=== Data ===

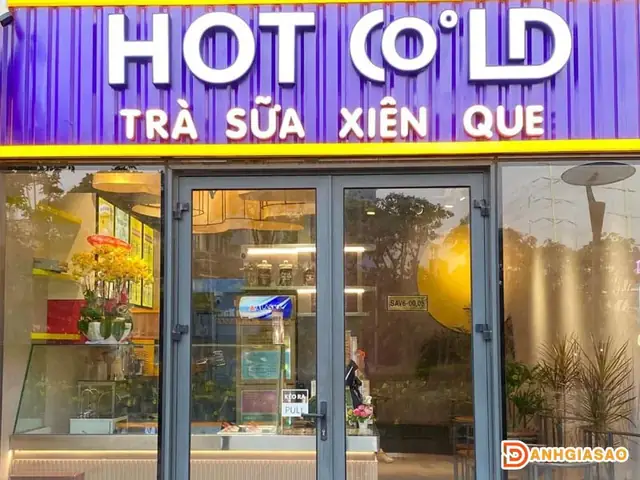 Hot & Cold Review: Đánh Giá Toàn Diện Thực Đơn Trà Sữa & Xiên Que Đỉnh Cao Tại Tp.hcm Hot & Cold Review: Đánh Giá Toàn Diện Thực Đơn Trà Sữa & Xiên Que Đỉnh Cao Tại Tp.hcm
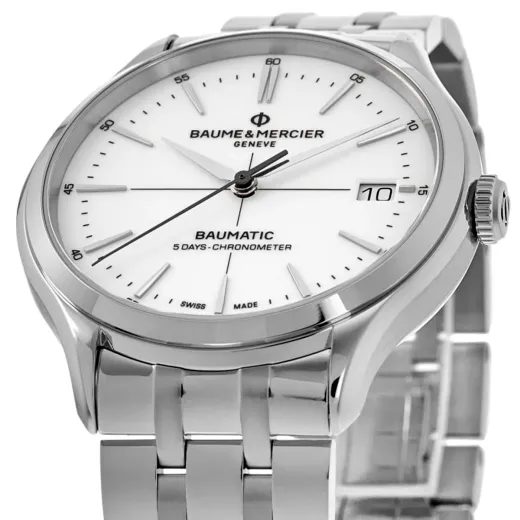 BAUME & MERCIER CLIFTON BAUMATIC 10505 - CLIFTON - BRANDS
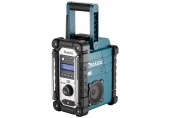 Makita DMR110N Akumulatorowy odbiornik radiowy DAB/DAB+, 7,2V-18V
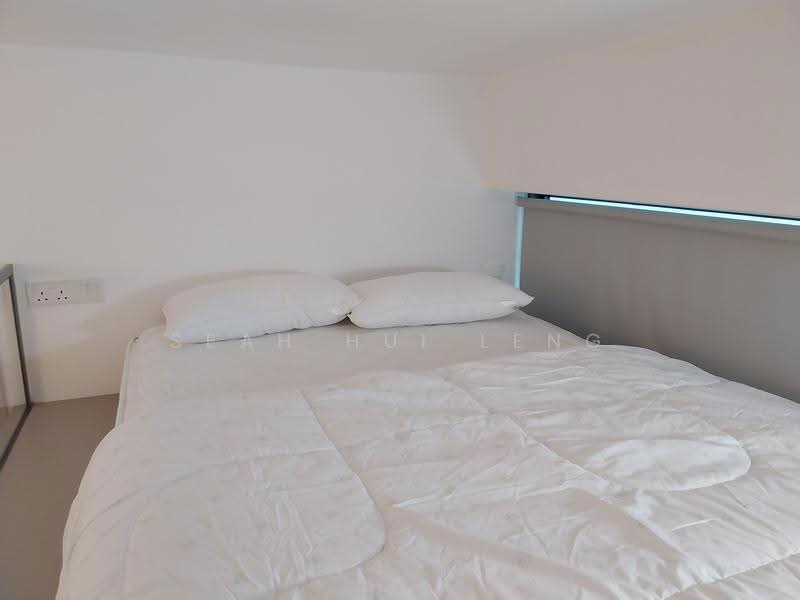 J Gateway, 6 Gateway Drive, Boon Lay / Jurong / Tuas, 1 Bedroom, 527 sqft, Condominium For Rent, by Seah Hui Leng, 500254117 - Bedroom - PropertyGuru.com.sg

===

What you should do: Could you transcribe exactly the lines from the one with "Makita DMR110N Akumulatorowy" through the end of the data, both ends included, and nothing else, skipping the pictures?

Reply:
 Makita DMR110N Akumulatorowy odbiornik radiowy DAB/DAB+, 7,2V-18V
 J Gateway, 6 Gateway Drive, Boon Lay / Jurong / Tuas, 1 Bedroom, 527 sqft, Condominium For Rent, by Seah Hui Leng, 500254117 - Bedroom - PropertyGuru.com.sg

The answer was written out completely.